In this chapter, main test results in CABRI REP-Na program are presented, and also the
current status on the CABRI water loop program is briefly introduced.
2.1 CABRI REP Na loop test program
2.1.1 Overview of CABRI REP Na loop test
First of all, a total of twelve tests have been carried out in the program. Eight of the tests
were performed on UO2 fuel and four tests on MOX fuel, pre-irradiated to burnups ranging
from 28 to 65 MWd/kgU. In addition to the CABRI REP-Na program, two tests were
performed in November 2002 on PWR fuel rods with burnups around 75 MWd//kgU.
These test rods, denoted CIPO-1 and CIPO-2, had advanced claddings such as ZIRLO and
M5 cladding, respectively. The CABRI test reactor is a pool-type light water reactor,
designed with a central flux area that can accommodate the insertion of a test device.
2.2 Main outcomes of CABRI REP Na loop test
Fuel cladding failure occurred in four tests, whereas no failure occurred in the remaining 8
tests. Among the four tests with fuel failure, there had UO2 fuel and one MOX fuel. All
failures were with Zircaloy-4 cladding, whereas no failure occurred in the three tests with
M5 or ZIRLO cladding. The three UO2 failures occurred at enthalpy below 80 cal/g and on
fuel that had a burnup of about 60 MWd/kgU and significant oxide thickness from 80 to 130
μm. However, several other CABRI tests were run at comparable burnup and oxide
thickness range, without resulting in fuel failure. Oxide spalling appears to be distinctive
element that separates the failed and non-failed fuel in CABRI UO2 tests, in that all three fuel
rods that failed had spalling, while the rods that did not fail had uniform non-spalled oxide.

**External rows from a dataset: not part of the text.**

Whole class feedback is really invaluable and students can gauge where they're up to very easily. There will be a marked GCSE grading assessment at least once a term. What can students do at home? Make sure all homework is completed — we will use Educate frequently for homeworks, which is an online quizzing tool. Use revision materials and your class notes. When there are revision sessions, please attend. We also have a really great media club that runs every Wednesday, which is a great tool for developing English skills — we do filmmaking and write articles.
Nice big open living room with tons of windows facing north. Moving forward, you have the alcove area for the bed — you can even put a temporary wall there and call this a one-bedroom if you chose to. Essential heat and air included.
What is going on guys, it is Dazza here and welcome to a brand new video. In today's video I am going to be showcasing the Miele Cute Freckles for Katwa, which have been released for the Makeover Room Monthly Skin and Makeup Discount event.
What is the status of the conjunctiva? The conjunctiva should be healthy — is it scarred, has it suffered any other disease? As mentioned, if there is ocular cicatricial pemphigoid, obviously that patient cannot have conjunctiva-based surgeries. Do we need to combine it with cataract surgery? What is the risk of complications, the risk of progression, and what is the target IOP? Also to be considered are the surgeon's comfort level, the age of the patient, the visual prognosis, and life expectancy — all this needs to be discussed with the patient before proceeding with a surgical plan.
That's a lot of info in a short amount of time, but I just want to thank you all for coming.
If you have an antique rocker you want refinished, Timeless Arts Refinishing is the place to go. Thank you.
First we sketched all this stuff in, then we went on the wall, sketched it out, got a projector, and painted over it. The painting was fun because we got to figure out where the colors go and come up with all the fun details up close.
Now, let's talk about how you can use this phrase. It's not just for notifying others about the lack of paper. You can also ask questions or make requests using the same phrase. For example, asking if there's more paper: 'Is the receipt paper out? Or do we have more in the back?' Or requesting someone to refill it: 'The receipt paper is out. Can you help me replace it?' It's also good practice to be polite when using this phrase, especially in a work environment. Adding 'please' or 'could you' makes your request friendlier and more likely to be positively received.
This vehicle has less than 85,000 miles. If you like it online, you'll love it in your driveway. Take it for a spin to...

Only one test for MOX fuel among four tests resulted in fuel failure. The failure occurred on
a fuel rod that had a burnup of 55 MWd/kgU and moderate corrosion level of 50 μm oxide
thickness. This is the only CABRI failure occurring on a non-spalled cladding. However, this
failure occurred at 113cal/g, which is a rather high enthalpy level, where a failure may not
be surprising, considering that this level in near the upper envelope of all CABRI data.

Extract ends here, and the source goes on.